Thursday, September 15, 2011
Fresh comfort food.
Sweet tea in a mason jar.
Mellow folk music.
This quintessentially homey dining experience is exactly what Feaster’s Bistro, Baldwin City’s newest restaurant, has to offer. It is also the only restaurant in town where almost every menu item has been grown and raised locally.
Chris Feaster, the restaurant’s owner and chef, is a veteran of the Lawrence Farmers’ Market. He knows first-hand how fresh-picked tomatoes and farm eggs can enhance a meal’s flavor and make it more nutritious.
“This is how my family eats, you know, we eat locally produced food,” Feaster said. “We just are super excited to have a menu that can support all of the local farmers and meat producers, and that’s very much a healthier way to eat.”
Whether dining on mashed potatoes or steak, customers can find out where their dish’s ingredients came from a list on a chalkboard.

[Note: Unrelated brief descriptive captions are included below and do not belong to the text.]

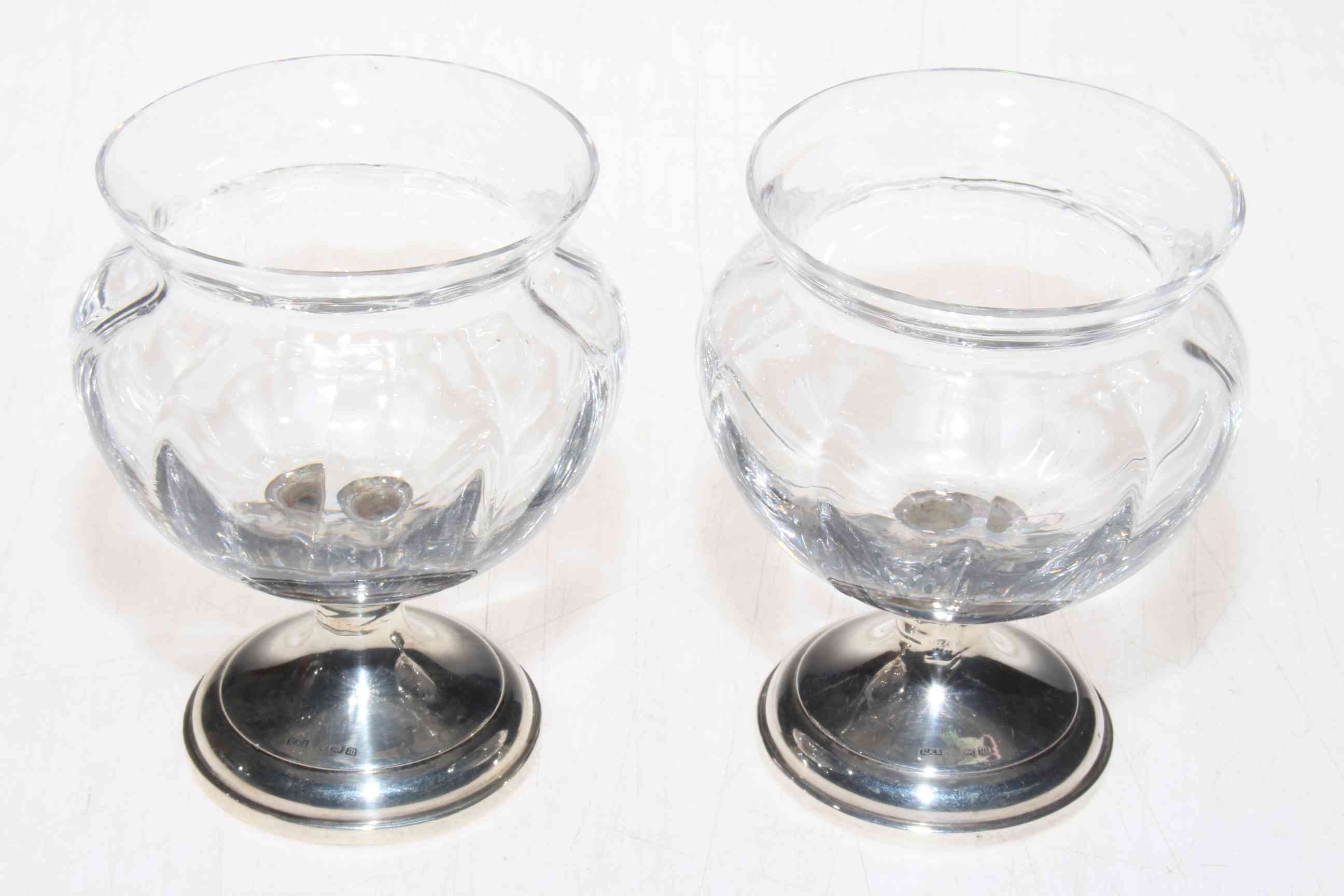 Pair silver stemmed glass bowls, 10cm.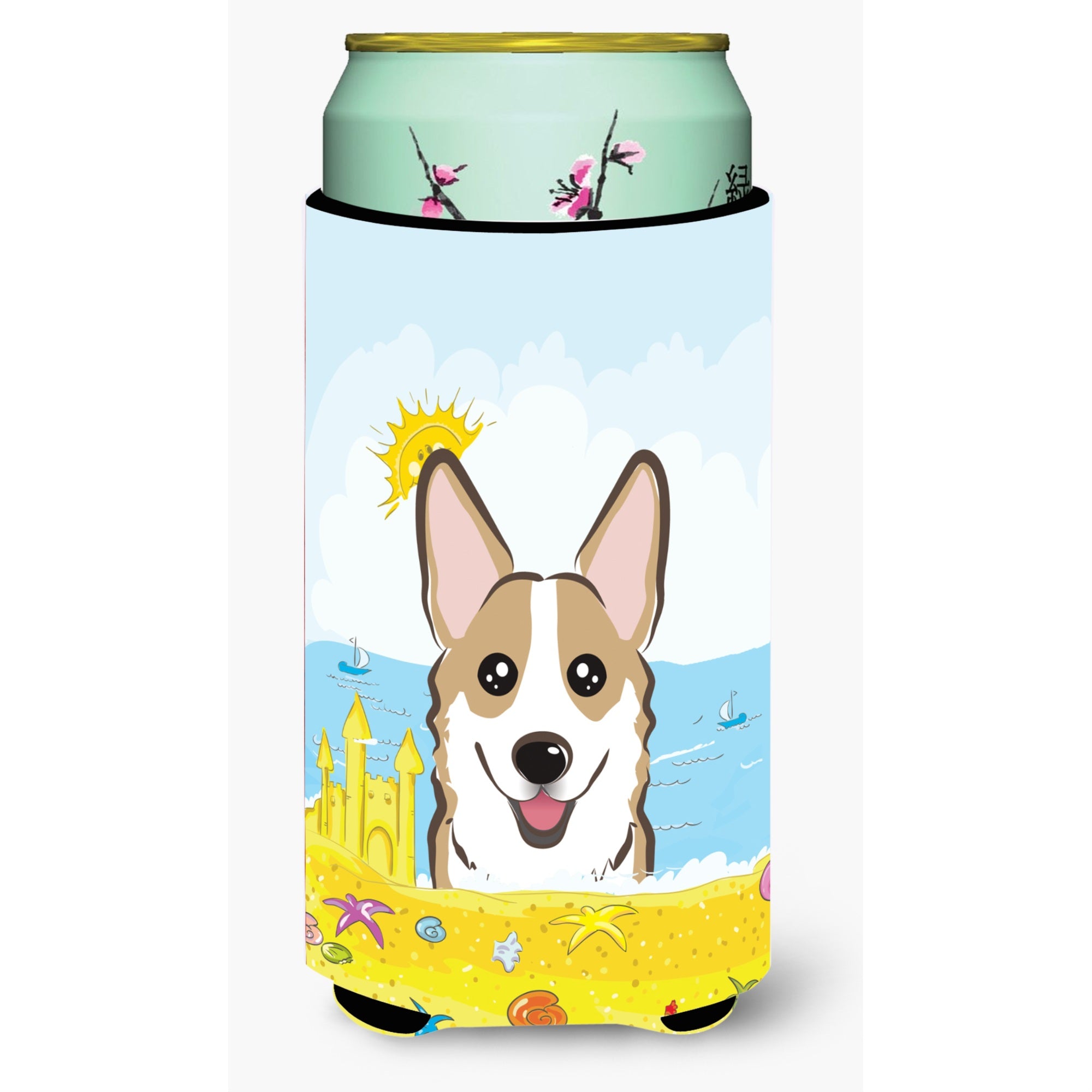 'Caroline'S Treasures Bb2121Tbc ''''Sable Corgi Summer Beach'''' Tall Boy Hugger Koozie, Multicolor''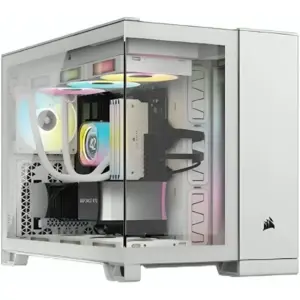 Corsair 2500X mATX Mid-Tower PC Case, Upto 360mm Radiator & 9 x Fans Support, Dual Chamber Design, Modern I/O Panel, 1 x USB-C 3.2 Gen 1, 2 x USB 3.2 Gen 1 Ports, Audio Jack, White | CC-9011266-WW
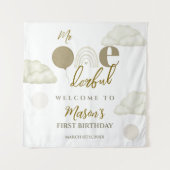 Mr Onederful Cloud Dream Boho Neutral 1st Birthday Wandteppich (Vorderseite)
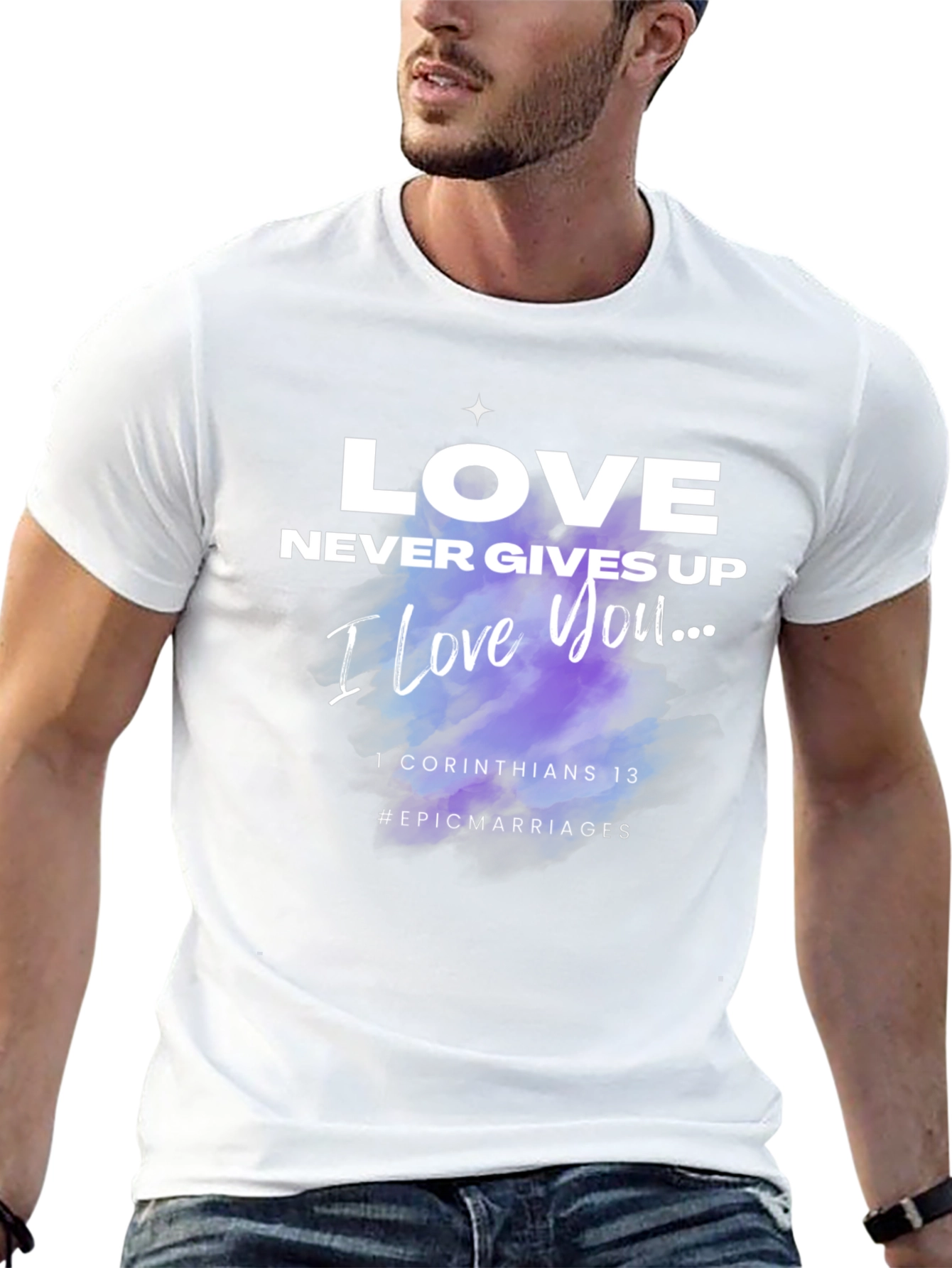Love Never Gives Up Black T-Shirt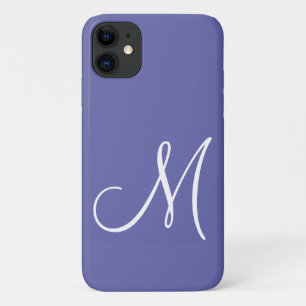 Chic White Script Initial Periwinkle Case-Mate iPhone Case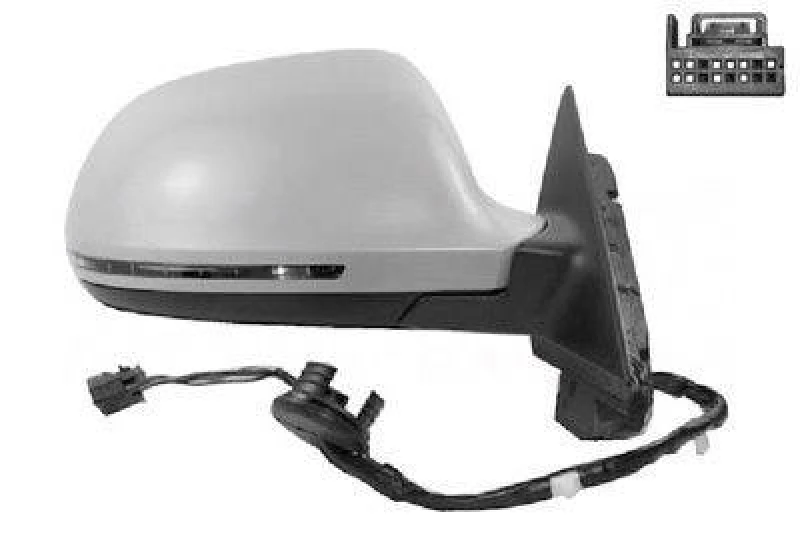 Image of VAN WEZEL 0327808 Wing mirror * HAGUS * Right, Heatable, primed Outside Mirror (50)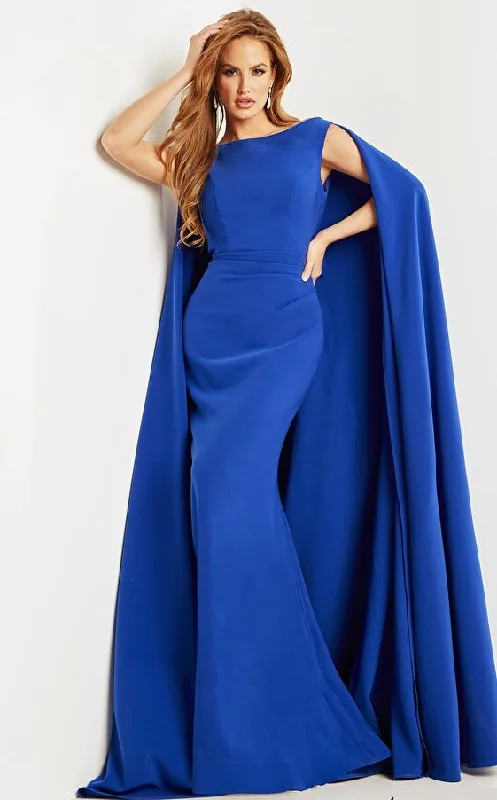 Sale Event, Prices Rock Jovani 09755 Royal Boat Neck Cape Evening Gown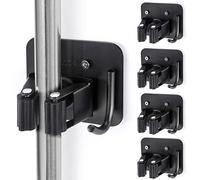 Supporto per scopa a parete, con foratura, robusto e resistente, in acciaio inox, perforato, perfetto per lavanderia, cucina, garage, giardino (nero, 4)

Even the restaurant’s pies and cupcakes are from local bakers.
Feaster and his wife, co-owner Maggie Beedles, have tried to give Feaster’s Bistro a “food-focused” and “family-friendly” vibe that also attracts college students.
“We’ll try to have live music every Friday, Saturday, Sunday,” Feaster said. “We have free Wi-Fi for students who want to come in and work on a computer. We have coffee; we have a quieter area upstairs for people who want to study.”
Feaster said the opening weekend was a success.
“We opened (last) Friday, and it was awesome,” he said. “We did not expect the type of business that we had and we kind of, we weren’t exactly prepared for it. We did well. Everybody really pulled together and made it happen.”
Feaster’s Bistro is located at 519 Ames, in the building that was once home to the Melange Apron and, more recently, The Rogue Wave.
Once a popular surf-and turf destination, The Rogue Wave will be moving into the former Hickory Creek building at 711 High Street.
Susan Baker, Baldwin City Chamber of Commerce office manager, thinks the restaurant’s new location will be an asset to the downtown area.
“The barbeque shop was only open part time and that’s difficult when you want to bring people down here and shop and then want to go eat barbeque,” Baker said. “So, I’m excited about having a full-service restaurant down here.”
Greg Kruger, Baldwin City Chamber of Commerce president, said that in addition to its original seafood menu, The Rogue Wave will be serving some barbeque dishes like those found at Hickory Creek Bar & Que when it opens in a few weeks.
He said that “when the dust settles,” Baldwin City will end up with an ever broader range of meal choices.
“It’s like playing chess … we’re just moving the pieces around,” Kruger said. “We’re not really losing anything, and we’re gaining something brand new.”